If you have data that spans multiple tables and your database supports the concept of views, you could create a database view that JOINs all the tables you need and polls that view instead of individual tables.

# Using change listeners

If your primary database has the concept of change triggers or change data capture:

  1. You can write a listener to hook into these change streams and push the changes to a temporary queue
  2. Every say 5s, have a scheduled job that reads all the changes from this queue and bulk imports them into Typesense.

For eg, here are a couple of ways to sync data from MongoDB, DynamoDB and Firestore. To sync data from MySQL using binlogs, there's Maxwell (opens new window) which will convert the binlogs into JSON and place it in a Kafka topic for you to consume.

# ORM Hooks

If you use an ORM, you can hook into callbacks provided by your ORM framework:

  1. In your ORM's on_save callback (might be called something else in your particular ORM), write the changes that need to be synced into Typesense into a temporary queue
  2. Every say 5s, have a scheduled job that reads all the changes from this queue and bulk imports them into Typesense.

# Using Airbyte

Airbyte (opens new window) is an open source platform that lets you sync data between different sources and destinations, with just a few clicks.

They support several sources (opens new window) like MySQL, Postgres, MSSQL, Redshift, Kafka and even Google Sheets and also support Typesense (opens new window) as a destination.

Read more about how to deploy Airbyte, and set it up here (opens new window).

# Sync real-time changes

In addition to the above, if you have a use case where you want to update some records in realtime, may be because you want a user's edit to a record to be immediately reflected in the search results (and not after say 10s or whatever your sync interval is in the above process), you can also use the Single Document Indexing API.

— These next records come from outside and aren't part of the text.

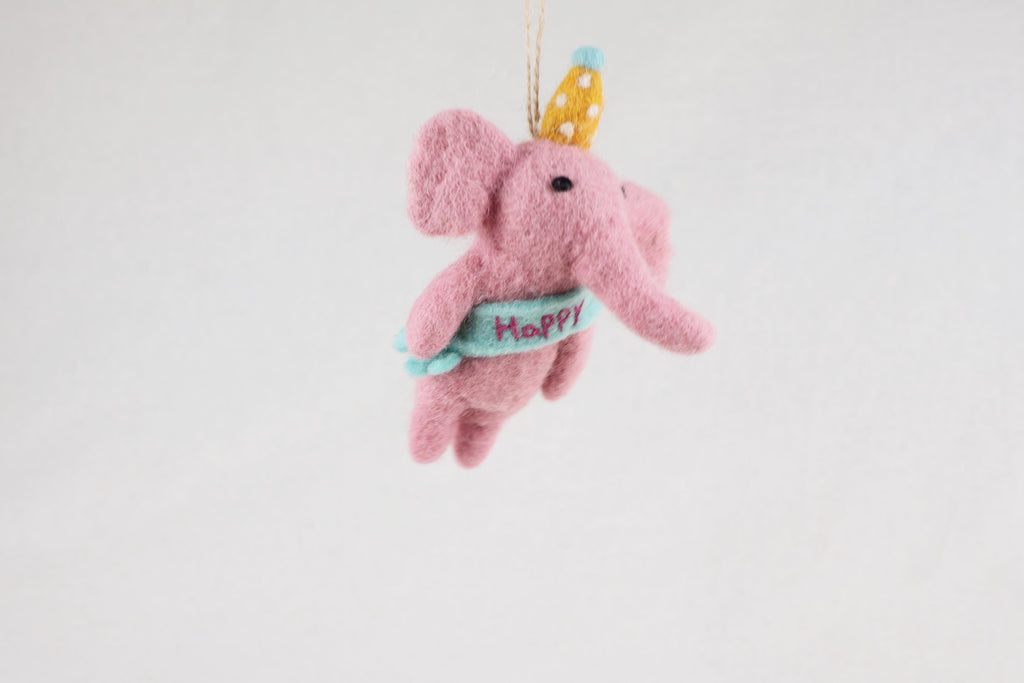 Partyelefant I Elefant mit Partyhut I Elefantendeko I Christbaumschmuck Weihnachtsdeko I Geburtstagsdeko I Geschenkanhänger I Elefantenparty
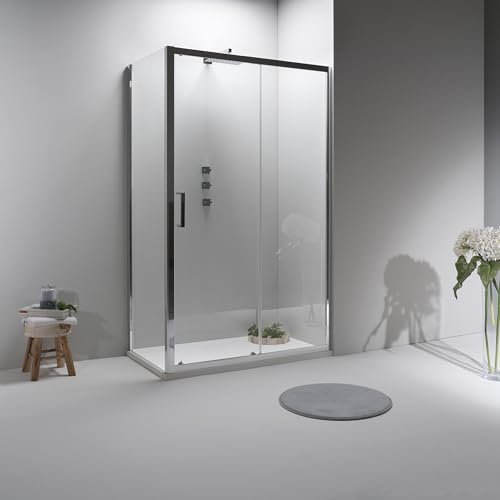 Box Doccia Angolare 80x120 cm - Cabina Doccia con Lato Fisso Trasparente, Temperato 6mm e Anticalcare, Porta Scorrevole, Profilo Cromato e Chiusura Magnetica - Facile da Installare e Pulire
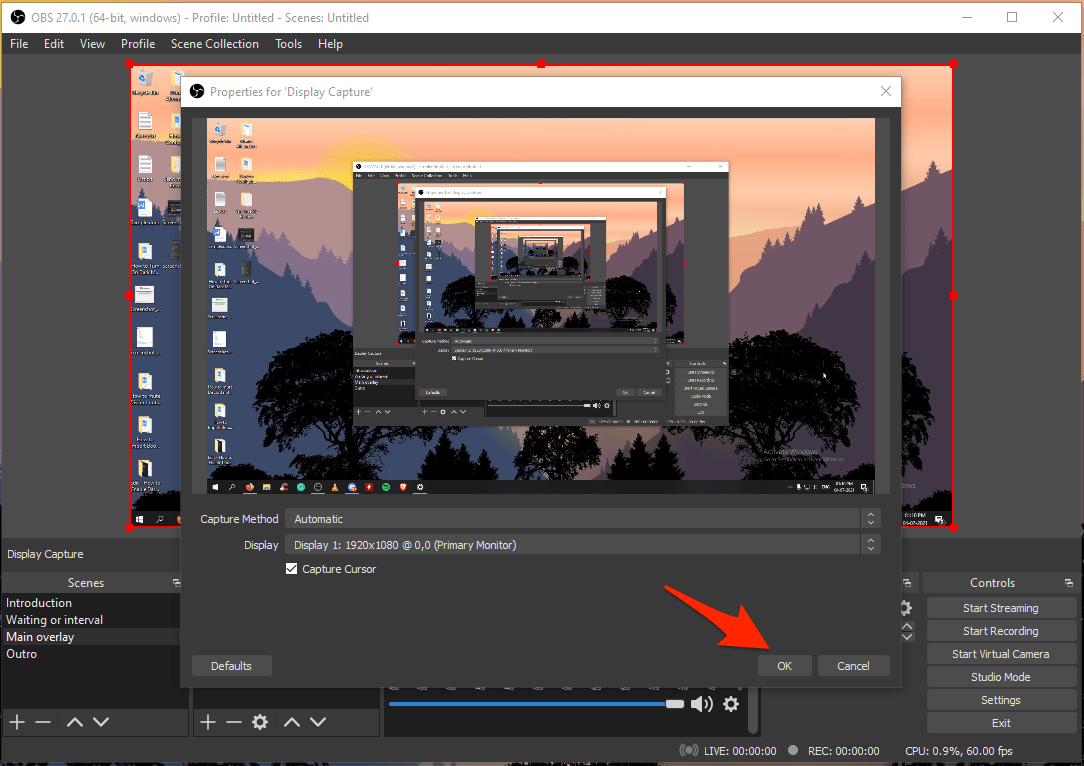 You have an option to hide the cursor or leave it that way and then click on “OK” to continue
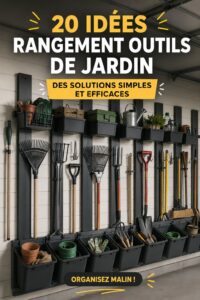 Outils de jardinage bien rangés dans un espace organisé.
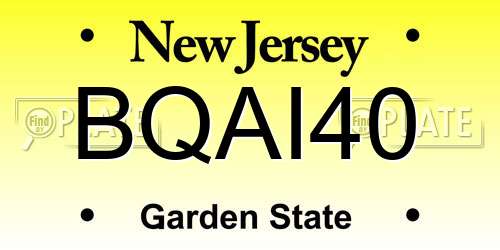 BQAI40 New Jersey License Plate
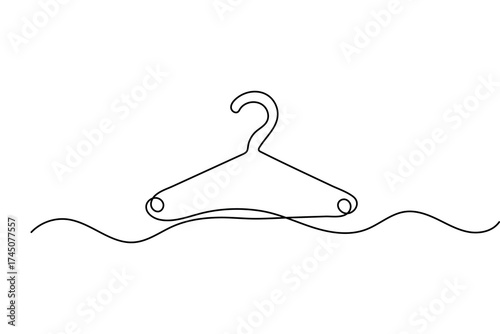 Clothes hangers one line minimalist continuous drawing outline vector isolated on white background
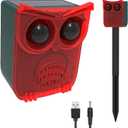 HULPPRE Solar Outdoor Motion Sensor Alarm-13 Sounds Including Dog Barking&Gunshot,130db Loud Noise Maker,4 Modes,Motion Activated Strobe Light,Say Goodbye to The intruders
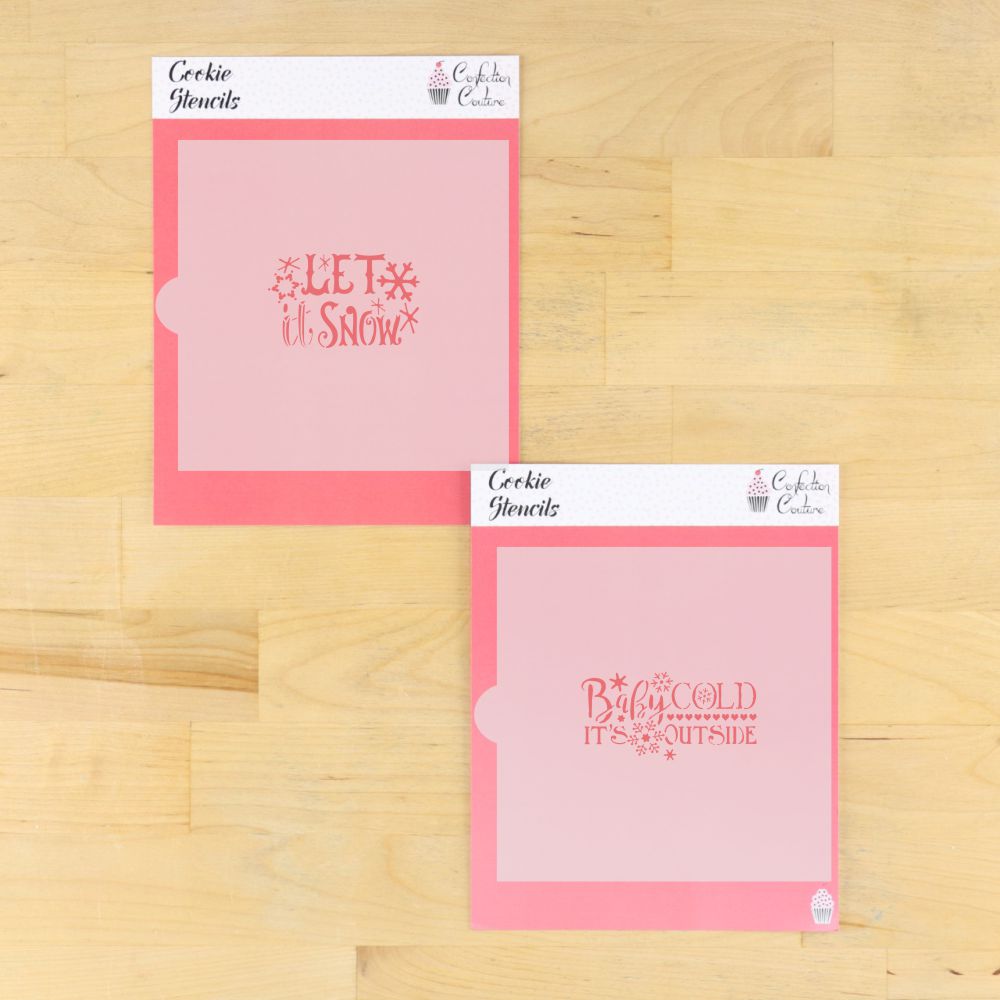Baby It's Cold Outside Cookie Stencil two sheet bundle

Note however that the bulk import endpoint is much more performant and uses less CPU capacity, than the single document indexing endpoint for the same number of documents. So you want to try and use the bulk import endpoint as much as possible, even if that means reducing your sync interval for the process above to as low as say 2s.

# Full re-indexing

In addition to the above strategies, you could also do a re-index of your entire dataset on say a nightly basis, just to make sure any gaps in the synced data due to schema validation errors, network issues, failed retries etc are addressed and filled.

You want to use the Collection Alias feature to do a reindex without any downtime into a new collection and then switch the alias over to the new collection.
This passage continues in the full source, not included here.